Herself and Himself – me in conversation with Damien Hirst’s work, outside the Tate Modern, Southbank, London, April 2012. – Photo Amelia Nunes


Art begets art. A meeting between like-minded artists often results in a cross pollination of ideas which inspire, progress and crystallise art projects. Such an exchange can be an intended collaboration, or it can be an ego driven ‘anything-you-can-do-I-can-do-better’ brandishing. And it hardly matters which,  so long as art ultimately benefits.

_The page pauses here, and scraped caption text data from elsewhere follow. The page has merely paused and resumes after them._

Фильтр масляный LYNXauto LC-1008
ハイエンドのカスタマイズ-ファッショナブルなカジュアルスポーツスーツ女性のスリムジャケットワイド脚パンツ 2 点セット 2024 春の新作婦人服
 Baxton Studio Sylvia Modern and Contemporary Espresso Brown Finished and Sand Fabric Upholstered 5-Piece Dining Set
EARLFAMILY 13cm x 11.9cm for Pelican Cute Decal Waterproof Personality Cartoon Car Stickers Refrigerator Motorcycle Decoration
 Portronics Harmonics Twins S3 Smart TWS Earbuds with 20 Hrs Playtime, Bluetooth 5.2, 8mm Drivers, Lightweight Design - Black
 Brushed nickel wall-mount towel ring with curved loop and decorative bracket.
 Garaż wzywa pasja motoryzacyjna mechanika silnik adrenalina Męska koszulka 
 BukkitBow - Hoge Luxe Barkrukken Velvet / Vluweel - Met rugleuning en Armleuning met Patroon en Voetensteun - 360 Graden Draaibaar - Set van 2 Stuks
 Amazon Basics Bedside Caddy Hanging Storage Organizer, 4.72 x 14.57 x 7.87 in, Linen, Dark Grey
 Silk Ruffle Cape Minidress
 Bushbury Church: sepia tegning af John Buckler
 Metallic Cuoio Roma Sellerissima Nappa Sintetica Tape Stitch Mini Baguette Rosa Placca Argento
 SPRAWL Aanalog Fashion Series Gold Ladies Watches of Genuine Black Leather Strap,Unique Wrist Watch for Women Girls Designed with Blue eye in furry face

Likewise, great inspiration can be found in complementary art forms. A poet can conjure new ideas from a dance; a musician can be moved to compose by a script. I a primarily a writer of prose fiction but as an Art College alumna – when I’m looking for inspiration, I go to an art gallery.

I went with a housemate on a field trip to London last week to see the Damien Hirst retrospective at the Tate Modern, the Picasso at the Tate Britain and the Freud at the National Portrait Gallery. All three were fruitful visits but, it was Hirst that had me stunned and flushed with ideas.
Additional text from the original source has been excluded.